Law v. State

706 S.E.2d 604 (2011)

LAW
v.
The STATE.

No. A10A1916.

Court of Appeals of Georgia.

February 24, 2011.

*605 Phillips & Roberts, Amanda R. Roberts, Savannah, for appellant.

Larry Chisolm, District Attorney, Ann M. Elmore, Assistant District Attorney, for appellee.

DOYLE, Judge.

Following a jury trial, George Law was found guilty of armed robbery[1] and two counts of possession of a firearm during the commission of a felony.[2] He appeals, arguing that the trial court erred by (1) denying his motion to suppress identification testimony and (2) denying his motion to suppress his custodial statement. He also challenges the sufficiency of the evidence.
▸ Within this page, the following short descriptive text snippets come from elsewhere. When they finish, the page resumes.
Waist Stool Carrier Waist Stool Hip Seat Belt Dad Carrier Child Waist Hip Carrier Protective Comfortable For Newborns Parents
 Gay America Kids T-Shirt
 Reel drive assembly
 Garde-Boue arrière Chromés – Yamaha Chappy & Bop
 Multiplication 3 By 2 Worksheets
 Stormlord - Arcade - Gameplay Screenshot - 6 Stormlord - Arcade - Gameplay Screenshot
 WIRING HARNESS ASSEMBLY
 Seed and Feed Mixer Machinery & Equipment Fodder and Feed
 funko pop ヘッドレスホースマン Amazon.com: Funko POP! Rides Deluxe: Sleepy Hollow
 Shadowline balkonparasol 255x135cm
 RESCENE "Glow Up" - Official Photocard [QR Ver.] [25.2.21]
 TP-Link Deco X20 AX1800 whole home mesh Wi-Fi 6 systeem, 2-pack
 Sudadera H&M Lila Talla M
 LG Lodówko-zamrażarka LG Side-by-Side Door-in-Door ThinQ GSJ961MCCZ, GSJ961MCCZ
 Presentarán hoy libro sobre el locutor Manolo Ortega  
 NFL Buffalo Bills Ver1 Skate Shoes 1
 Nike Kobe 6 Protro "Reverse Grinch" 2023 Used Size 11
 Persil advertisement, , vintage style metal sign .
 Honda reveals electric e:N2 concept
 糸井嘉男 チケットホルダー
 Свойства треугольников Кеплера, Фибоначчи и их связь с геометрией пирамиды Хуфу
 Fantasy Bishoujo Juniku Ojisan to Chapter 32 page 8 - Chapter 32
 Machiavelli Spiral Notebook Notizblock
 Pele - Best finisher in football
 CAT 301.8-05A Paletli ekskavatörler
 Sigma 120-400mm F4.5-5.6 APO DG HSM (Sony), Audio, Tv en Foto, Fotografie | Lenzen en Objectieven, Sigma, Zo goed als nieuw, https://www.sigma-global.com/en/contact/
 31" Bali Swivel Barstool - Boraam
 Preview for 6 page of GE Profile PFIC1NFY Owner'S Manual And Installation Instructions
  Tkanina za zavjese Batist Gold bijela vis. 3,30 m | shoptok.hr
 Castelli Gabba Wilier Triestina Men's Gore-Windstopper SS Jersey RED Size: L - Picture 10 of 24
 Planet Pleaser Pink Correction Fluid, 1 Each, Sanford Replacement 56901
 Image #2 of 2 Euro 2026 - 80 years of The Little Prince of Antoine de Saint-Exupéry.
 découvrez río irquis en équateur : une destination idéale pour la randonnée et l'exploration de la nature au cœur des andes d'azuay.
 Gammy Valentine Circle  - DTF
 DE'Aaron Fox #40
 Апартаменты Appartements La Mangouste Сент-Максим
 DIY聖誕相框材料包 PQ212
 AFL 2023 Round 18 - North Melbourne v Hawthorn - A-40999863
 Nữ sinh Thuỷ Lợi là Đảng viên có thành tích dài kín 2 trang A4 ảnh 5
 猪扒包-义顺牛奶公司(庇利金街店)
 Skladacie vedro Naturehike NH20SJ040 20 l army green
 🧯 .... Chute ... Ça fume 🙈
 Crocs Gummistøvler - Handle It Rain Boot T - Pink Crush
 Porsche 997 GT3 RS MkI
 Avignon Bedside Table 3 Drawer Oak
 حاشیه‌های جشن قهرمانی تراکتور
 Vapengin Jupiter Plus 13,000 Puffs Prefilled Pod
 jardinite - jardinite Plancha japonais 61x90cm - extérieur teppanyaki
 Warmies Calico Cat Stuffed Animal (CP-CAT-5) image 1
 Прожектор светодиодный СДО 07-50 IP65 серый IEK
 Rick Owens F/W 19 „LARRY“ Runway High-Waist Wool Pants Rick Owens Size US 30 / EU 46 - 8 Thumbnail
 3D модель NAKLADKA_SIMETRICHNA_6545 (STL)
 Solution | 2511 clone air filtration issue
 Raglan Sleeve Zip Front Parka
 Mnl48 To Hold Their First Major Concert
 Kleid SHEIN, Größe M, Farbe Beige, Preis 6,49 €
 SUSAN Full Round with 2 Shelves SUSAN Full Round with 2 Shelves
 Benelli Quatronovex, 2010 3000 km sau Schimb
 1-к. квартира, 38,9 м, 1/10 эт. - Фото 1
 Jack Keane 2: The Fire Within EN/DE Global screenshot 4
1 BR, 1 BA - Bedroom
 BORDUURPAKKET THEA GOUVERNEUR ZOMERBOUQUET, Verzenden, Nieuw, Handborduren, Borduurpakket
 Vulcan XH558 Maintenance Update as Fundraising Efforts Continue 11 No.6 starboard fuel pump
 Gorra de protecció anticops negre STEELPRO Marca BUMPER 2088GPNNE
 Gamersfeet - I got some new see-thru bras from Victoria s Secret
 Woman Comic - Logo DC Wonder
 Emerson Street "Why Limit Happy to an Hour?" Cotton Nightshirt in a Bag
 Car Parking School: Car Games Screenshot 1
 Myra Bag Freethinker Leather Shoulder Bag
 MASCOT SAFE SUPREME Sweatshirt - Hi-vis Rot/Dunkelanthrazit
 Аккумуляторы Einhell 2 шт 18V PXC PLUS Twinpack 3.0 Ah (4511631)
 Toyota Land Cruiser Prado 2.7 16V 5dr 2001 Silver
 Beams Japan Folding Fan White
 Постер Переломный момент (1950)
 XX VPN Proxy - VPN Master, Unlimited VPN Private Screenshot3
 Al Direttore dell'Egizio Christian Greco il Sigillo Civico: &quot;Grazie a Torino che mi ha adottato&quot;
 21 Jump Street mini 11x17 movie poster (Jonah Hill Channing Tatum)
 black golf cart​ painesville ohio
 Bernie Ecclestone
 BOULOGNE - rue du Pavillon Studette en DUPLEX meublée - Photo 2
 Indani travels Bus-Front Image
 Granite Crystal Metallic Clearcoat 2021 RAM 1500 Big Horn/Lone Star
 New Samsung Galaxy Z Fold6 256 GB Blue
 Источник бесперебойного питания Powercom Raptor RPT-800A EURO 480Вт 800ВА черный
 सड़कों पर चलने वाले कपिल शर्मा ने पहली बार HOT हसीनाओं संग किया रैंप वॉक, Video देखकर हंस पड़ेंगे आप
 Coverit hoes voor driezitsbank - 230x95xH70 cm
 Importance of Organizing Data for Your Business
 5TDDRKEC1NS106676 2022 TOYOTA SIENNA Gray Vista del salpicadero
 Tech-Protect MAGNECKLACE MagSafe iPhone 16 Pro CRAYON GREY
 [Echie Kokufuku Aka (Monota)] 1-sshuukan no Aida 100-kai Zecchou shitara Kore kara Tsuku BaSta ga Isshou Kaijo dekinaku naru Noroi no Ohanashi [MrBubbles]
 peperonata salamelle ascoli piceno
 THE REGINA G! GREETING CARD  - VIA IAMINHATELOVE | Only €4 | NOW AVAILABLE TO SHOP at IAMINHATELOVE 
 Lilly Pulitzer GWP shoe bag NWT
We affirm, for reasons that follow.

On appeal from a criminal conviction, the evidence must be viewed in the light most favorable to support the verdict, and the defendant no longer enjoys a presumption of innocence; moreover, an appellate court determines evidence sufficiency and does not weigh the evidence or determine witness credibility. Likewise, when reviewing the denial of a motion to suppress, we construe the evidence presented both at the suppression hearing and at trial in a light favorable to upholding the trial court's findings and judgment.[3]

*606 So viewed, the record shows that on February 7, 2008, at approximately 2:30 a.m., brothers Patrick Horton and Immanuel Small left a nightclub and approached their car, which was in the parking lot across the street from the club. As Horton and Small entered their vehicle, an automobile pulled into the lot and parked nearby. Three men exited the car and approached Horton's vehicle. One of the men, who was armed with a shotgun, ran from the driver's side to the passenger's side of the car repeatedly, pointing the gun at both Horton and Small. The gunman tried to break the driver's side window with the butt of the shotgun and demanded that Horton roll down the window. Horton opened his door, and one of the men told him to "give it up." As Horton unsuccessfully attempted to extricate his wallet from his pants pocket, one of the men punched him in the face with his fist. Small was also punched in the face by one of the men. Horton then exited the car, took off his pants, and gave them to one of the assailants. Small gave the men his wallet, as well as loose change and paper money from his pocket. The three men then returned to their car and left the scene.

A witness from the nightclub called 911 at 2:27 a.m., while the robbery was occurring, and the police arrived shortly thereafter. The victims described their assailants, and police issued a be-on-the-lookout ("BOLO") broadcast for a light brown or silver Lexus occupied by four black males, last seen heading northbound on Martin Luther King Boulevard. Two of the assailants were described as black males, "one being approximately [5] foot [11], [6] feet in height, with shoulder[-]length dre[a]ds, late teens, early twenties. The other one is about [5] feet [10], medium dre[a]ds."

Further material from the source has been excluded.